YOUR INSTRUCTIONS = Find the line below with "Geely Emgrand GS 2021 2020 1.4T CVT Elegance" and the line with "Un operario en una fábrica de termos.&nbsp;". Output them and the lines between, exactly, but not the pictures.

Web page caption snippets:

______________________________

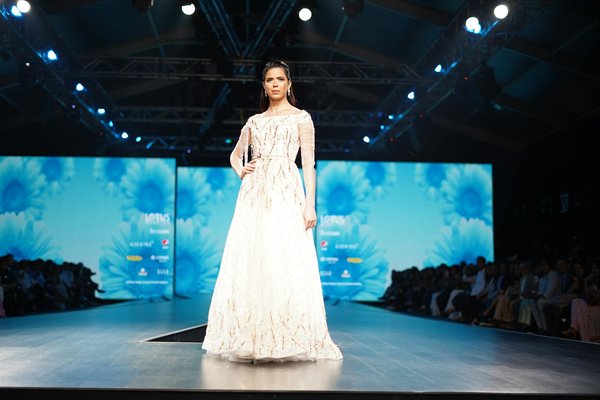 Découvrez comment les masques d'argile blanche peuvent transformer votre peau terne en éclat radieux !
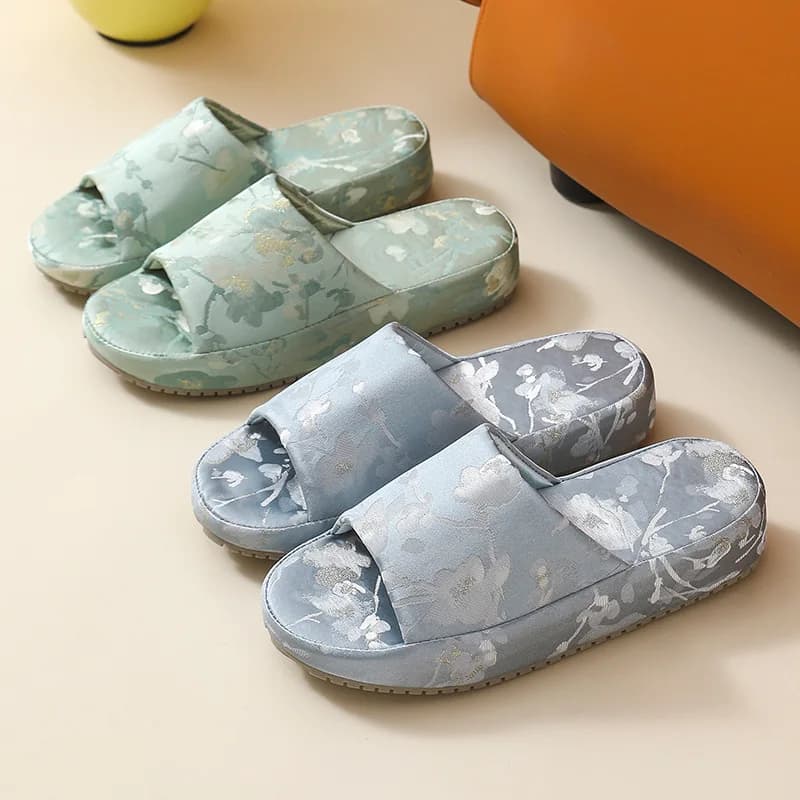 Conjunto de platform slippers de seda com estampa floral em verde e azul para mulheres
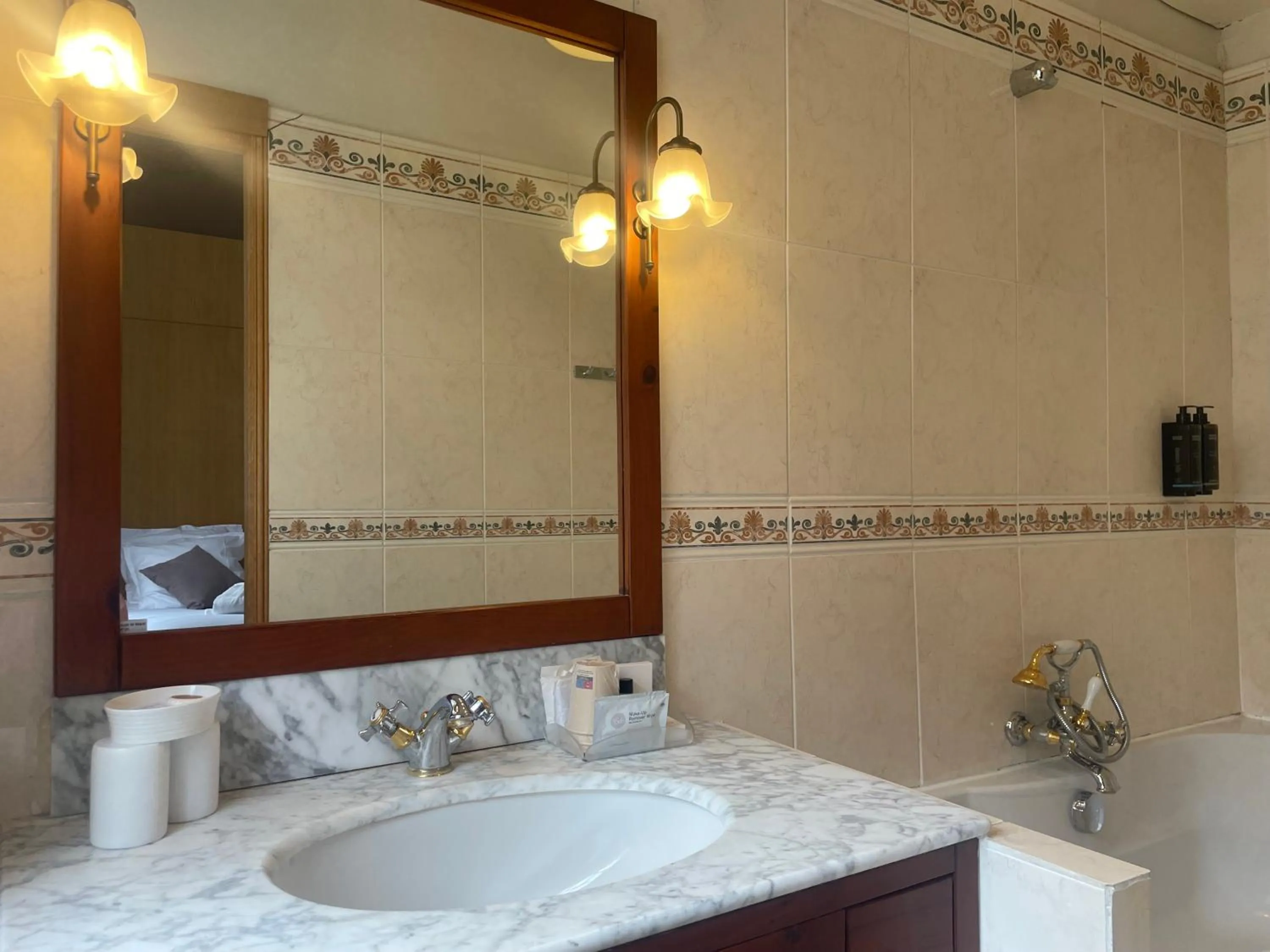 Bathroom in Hôtel Du Jeu De Paume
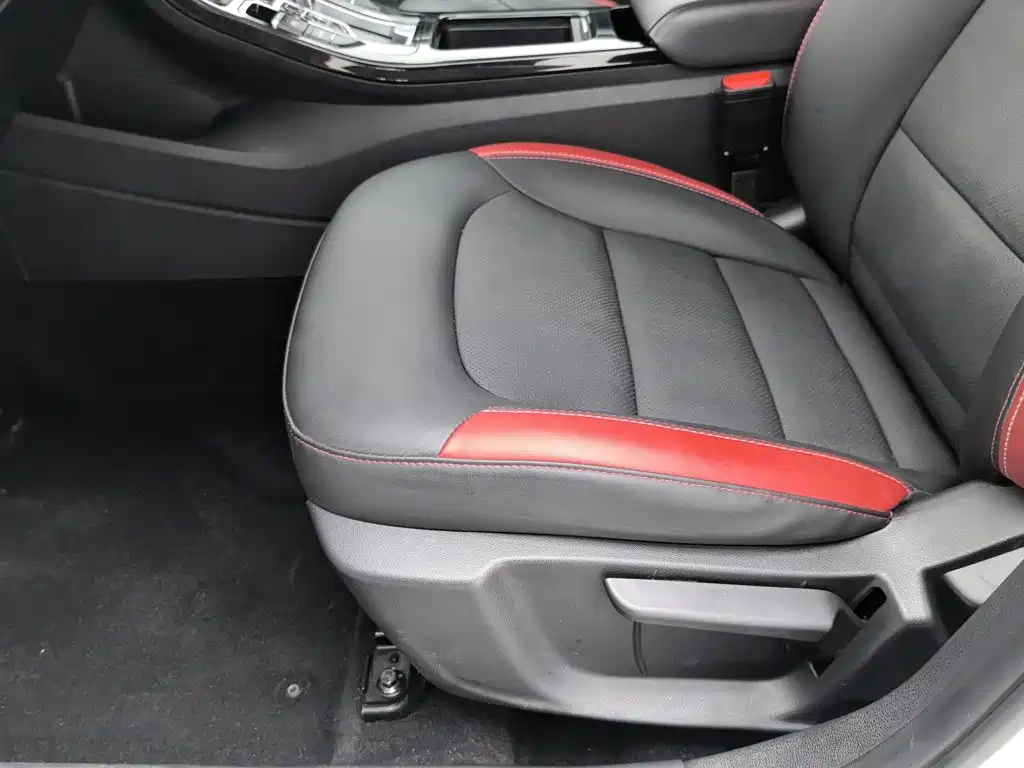Geely Emgrand GS 2021 2020 1.4T CVT Elegance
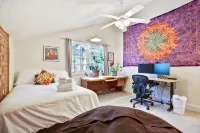 Large, Cozy, Mountain Home with Air Conditioning and Magical Backyard! - 4 ดาว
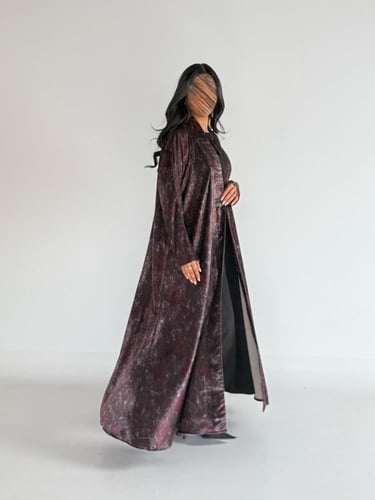 عبايه نسايم كلوش بقماش مخمل مشجر تايقر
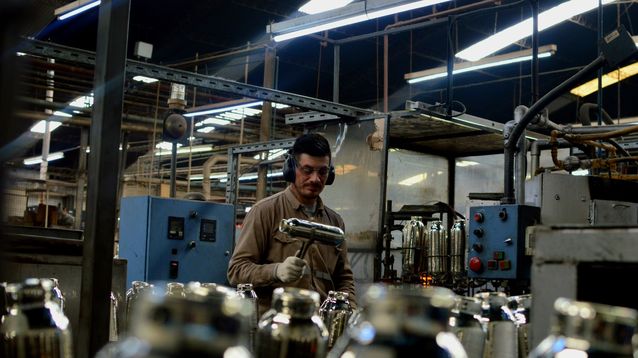 Un operario en una fábrica de termos.&nbsp;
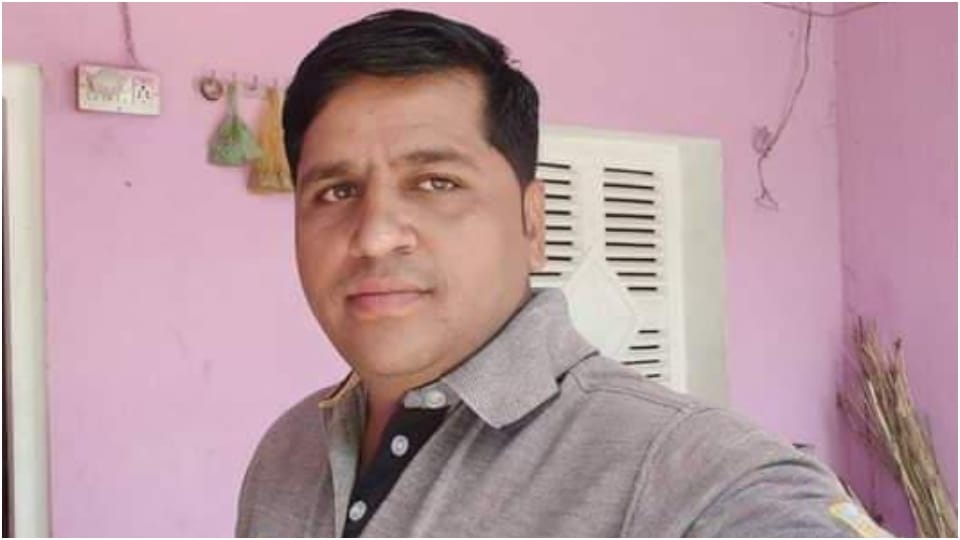 Trailer collided with bike riders in Karauli government teacher died friend seriously injured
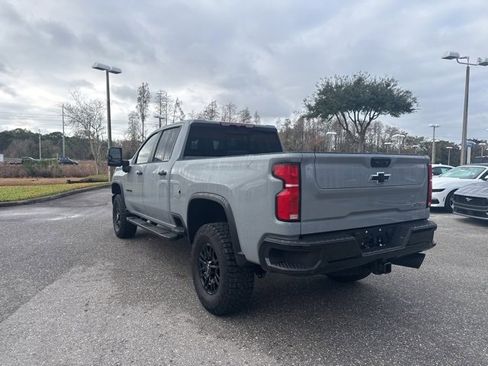 Used 2025 Chevrolet Silverado 2500 ZR2 image 3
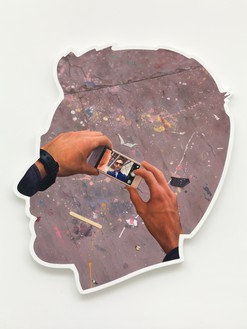 亚历克斯·以色列，自画像(自拍和工作室地板)，2014玻璃纤维上的丙烯酸和邦多，96 × 84 × 4英寸(243.8 × 213.4 × 10.2厘米)，布罗德，洛杉矶©亚历克斯·以色列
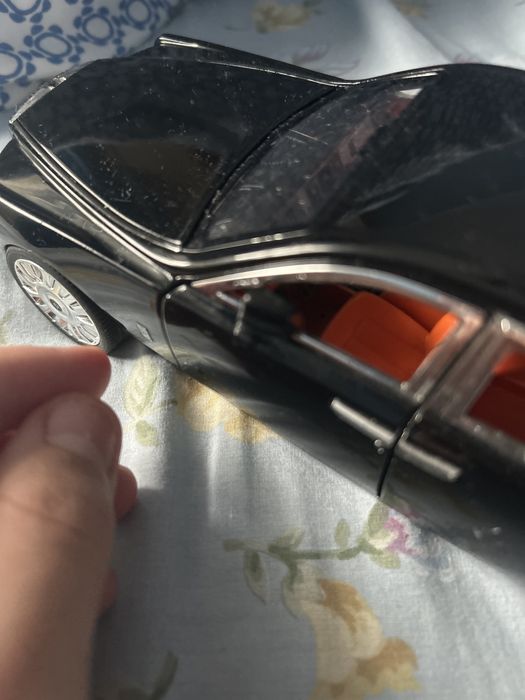 Masina de jucarie rolls royce scara 1/24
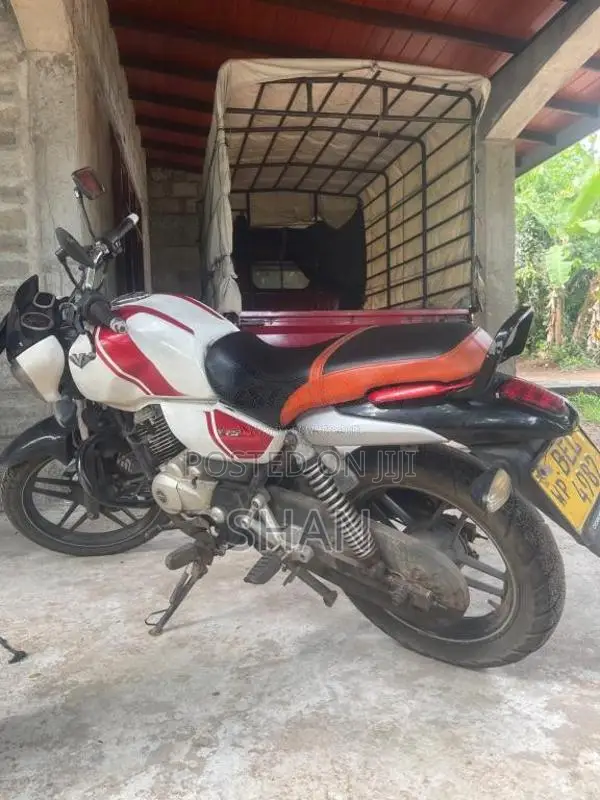 Bajaj V15 2016 Motorbike (Used)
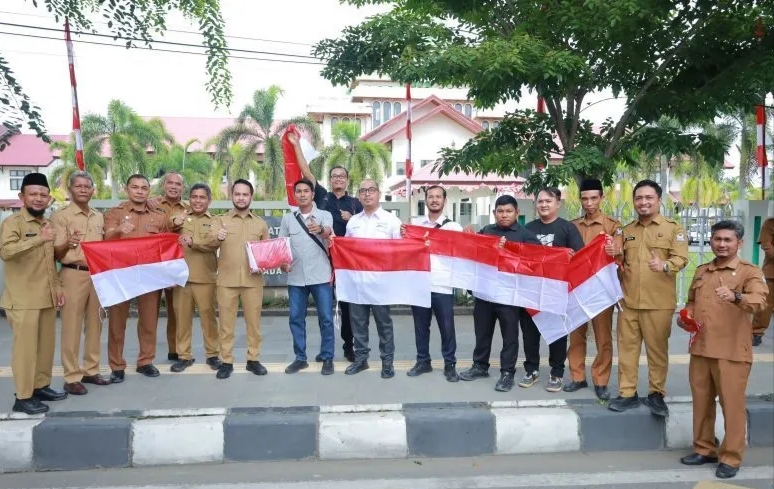 Pemkab Aceh Barat Bagikan 2.225 Bendera Merah Putih kepada Masyarakat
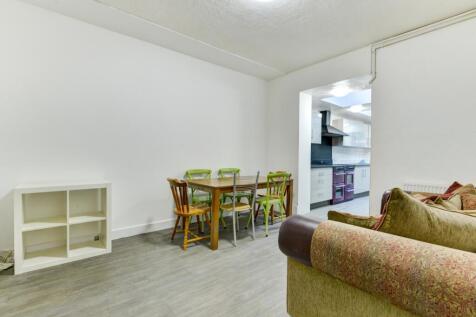 16 Beaconsfield Road Lounge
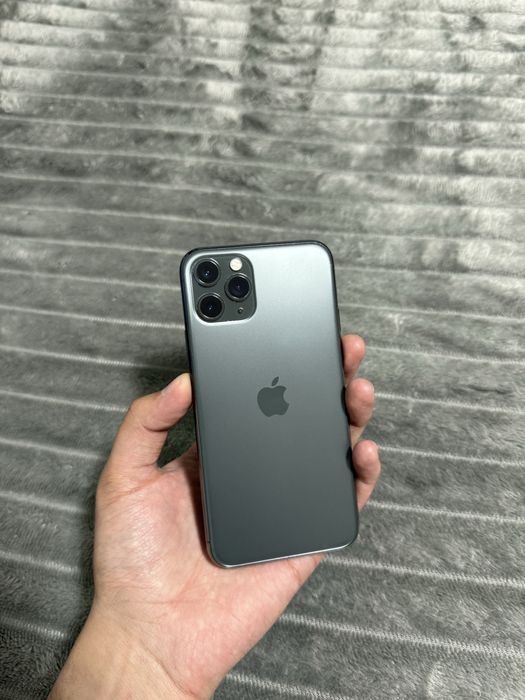 iPhone 11 Pro 256gb 90% в идеальном состоянии
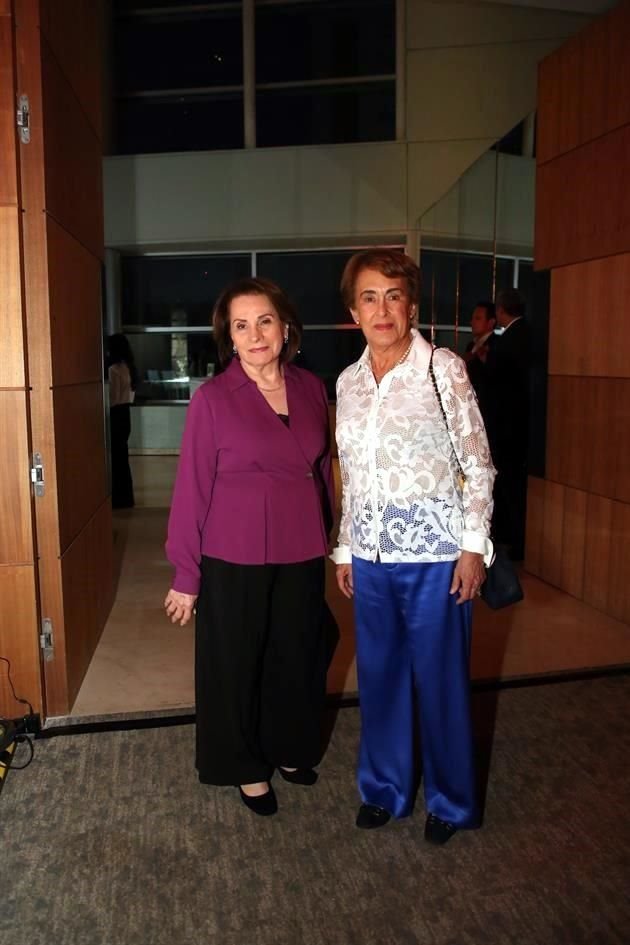 Patricia Loyola y Susana Canales de Odriozola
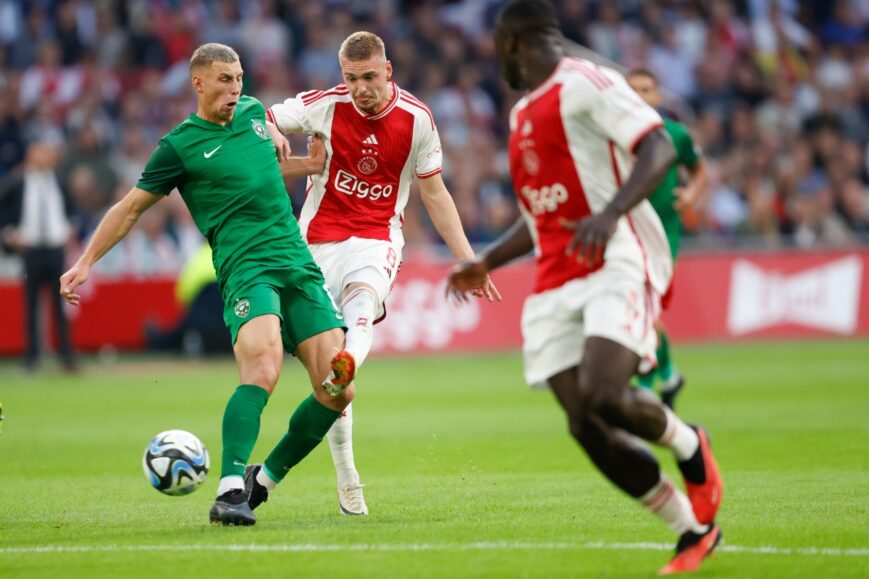 Foto: Kritiek op ‘eenzijdige’ Brobbey in ‘stationsvoetbal’ Ajax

______________________________

WRITTEN ANSWER =
Geely Emgrand GS 2021 2020 1.4T CVT Elegance
 Large, Cozy, Mountain Home with Air Conditioning and Magical Backyard! - 4 ดาว
 عبايه نسايم كلوش بقماش مخمل مشجر تايقر
 Un operario en una fábrica de termos.&nbsp;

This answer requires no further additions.